The only way is forward. Forward moves us from what we have now (perfect, or at least we're no longer living in fear of what's not right) to a world filled with nothing but imperfect.

If you want motion, the only way is through. We get to the work we seek by passing through imperfection.

Omotenashi and the service split

It is possible to deliver amazing service without being servile.

Omotenashi is the Japanese word for treating people the way you'd want to be treated, for a posture of customer service that builds long-term trust and loyalty.

Why the split?

In a self-service world, the person who provides the service is us. We get what we want precisely because the system has been built to make us our own provider of service. This is why most people would rather order from a menu, pick our own travel itinerary or brush our own teeth.

When done right, self-service is a great option to offer customers. When done to merely cut costs, or when done with a poor understanding of the user, it's mostly annoying.

The alternative, then, is to provide actual customer delight via service.
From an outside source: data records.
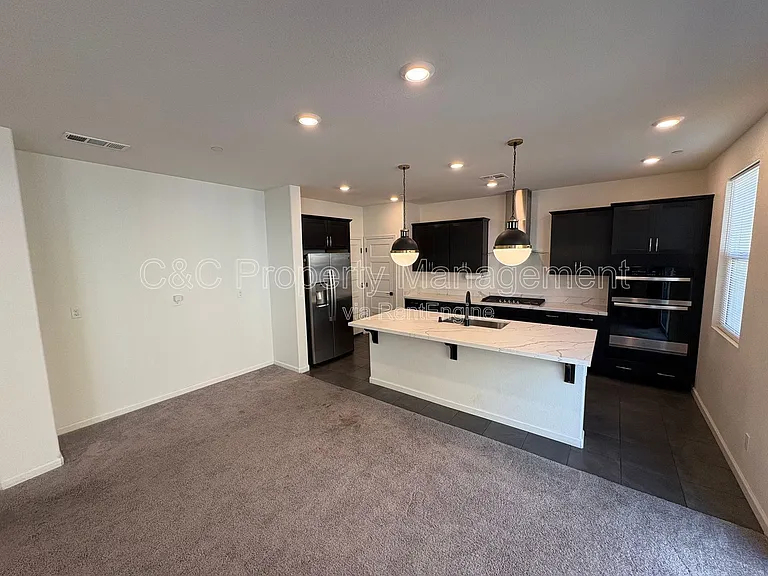 10834 Albano Ln — Photo 3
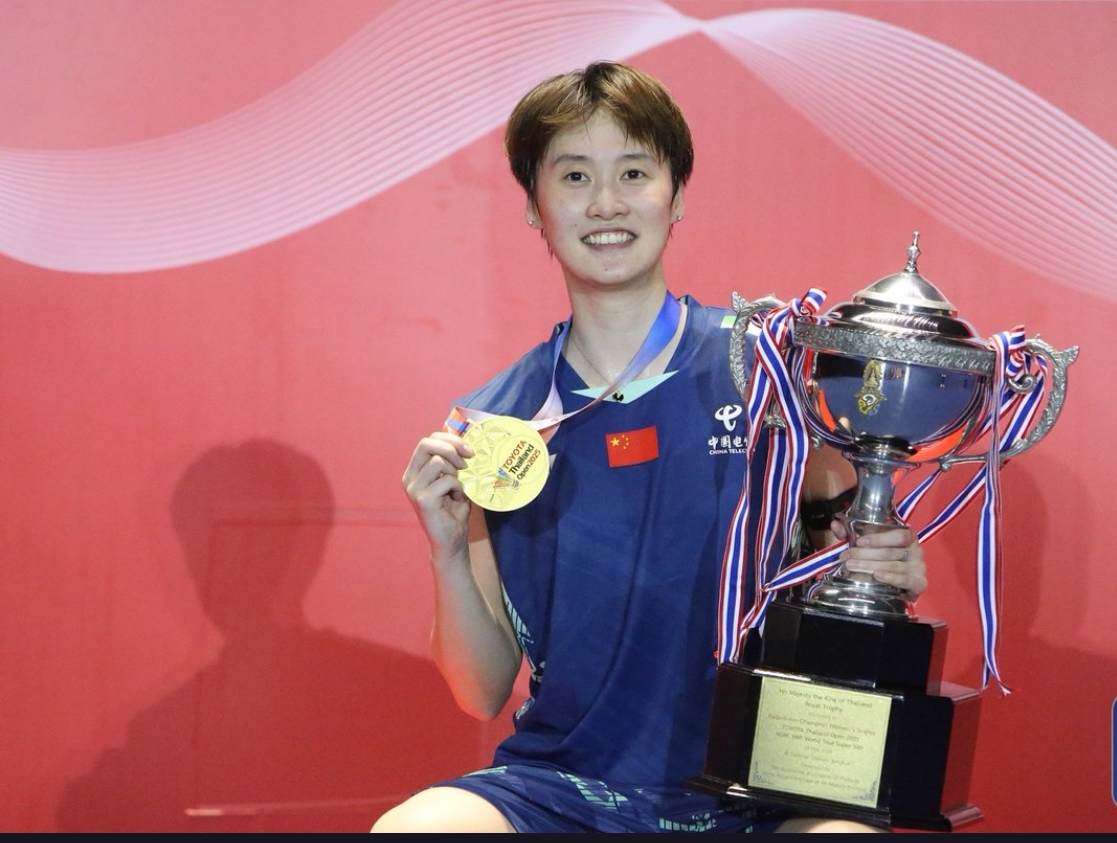 爱游戏教练-泰国选手在羽毛球比赛中奋勇争先,获胜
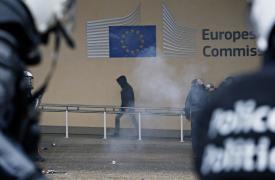 Πώς ο φόβος της ακροδεξιάς οδηγεί σε πολιτική στροφή τα κόμματα του δημοκρατικού τόξου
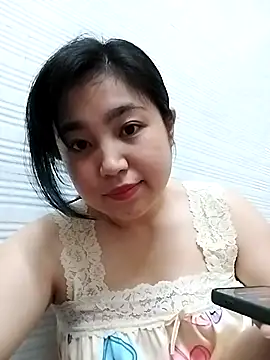 Snapshot of Minn-cute chatting on April 30, 10:54 am Minn-cute online show from April 30, 10:54 am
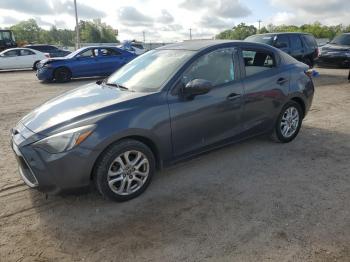  Salvage Toyota Yaris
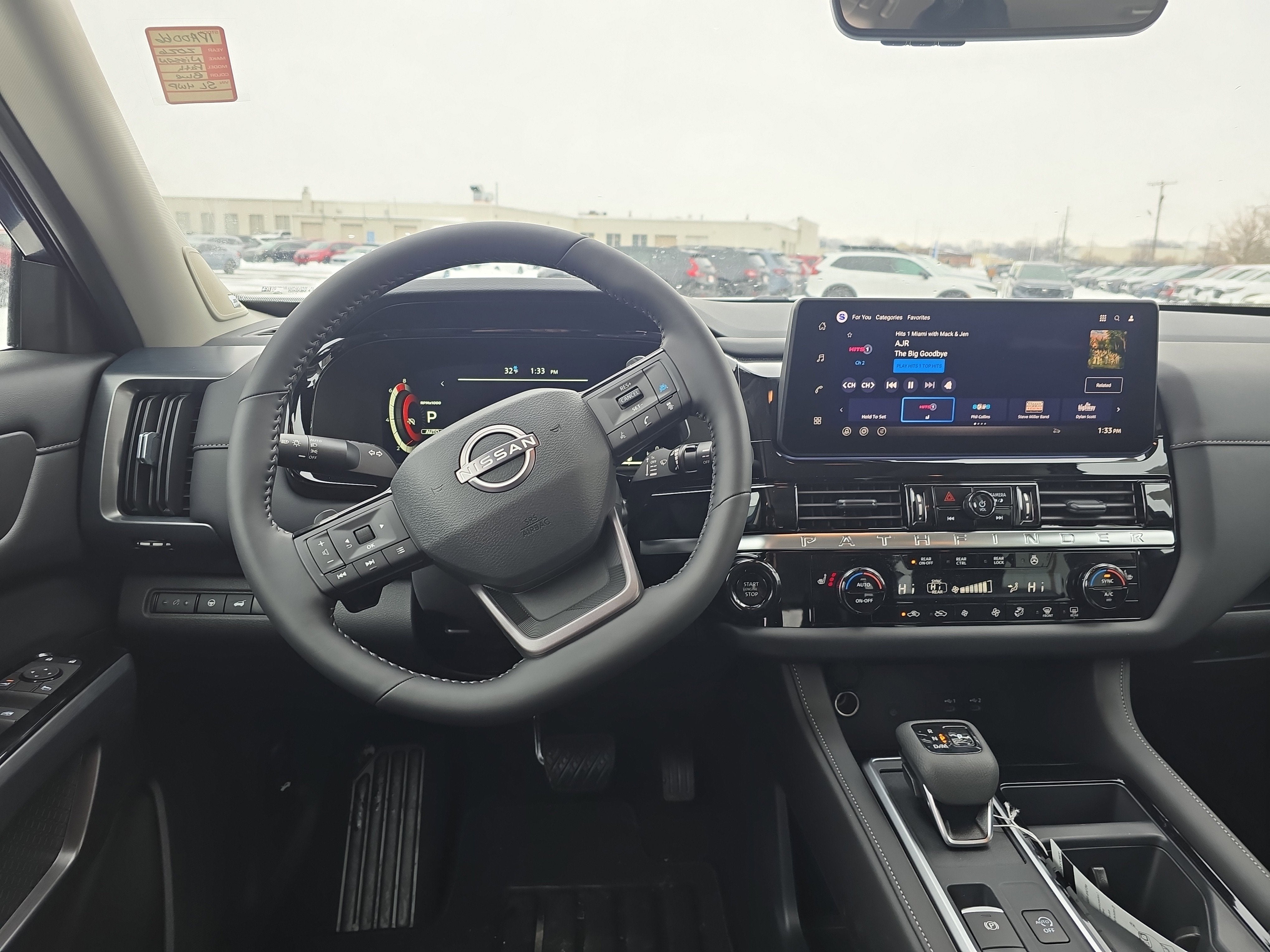 2026 Nissan Pathfinder SL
To bring Omotenashi to the table, to offer human service that's even better than the customer could provide for herself.

One way to think about this is to consider the airlines. In almost everything they do, the airline experience today is inferior to what it was on Pan Am in 1972. Every time the airline gets involved, their efforts to cut costs exceed their commitment to service.

On the other hand, in the ways that the airlines have given passengers control of their choices (seeing available flights, for example, or choosing their own onboard pasttime), satisfaction has had a chance to increase.

If you're going to do it for us, do it beautifully.

Tricked into playing the wrong game

The intelligent writer who dumbs down her work in order to make it more popular.

The successful small businessperson who gives up the edge that made the business work in order to make it bigger.

The entrepreneur who stops leading in order to chase a trend and get funded.

The interesting website that stops caring about content so it can focus on clicks.

The happy kid who abandons good friends in a search to be the cool kid instead.

The beloved brand that walks away from integrity in order to chase mass.

The engaged employee who gives up the craft in order to move up and become an unhappy manager instead…

Bigger isn't better. It's merely bigger. And the mass market might want what the mass market wants, but that doesn't mean that it's your market.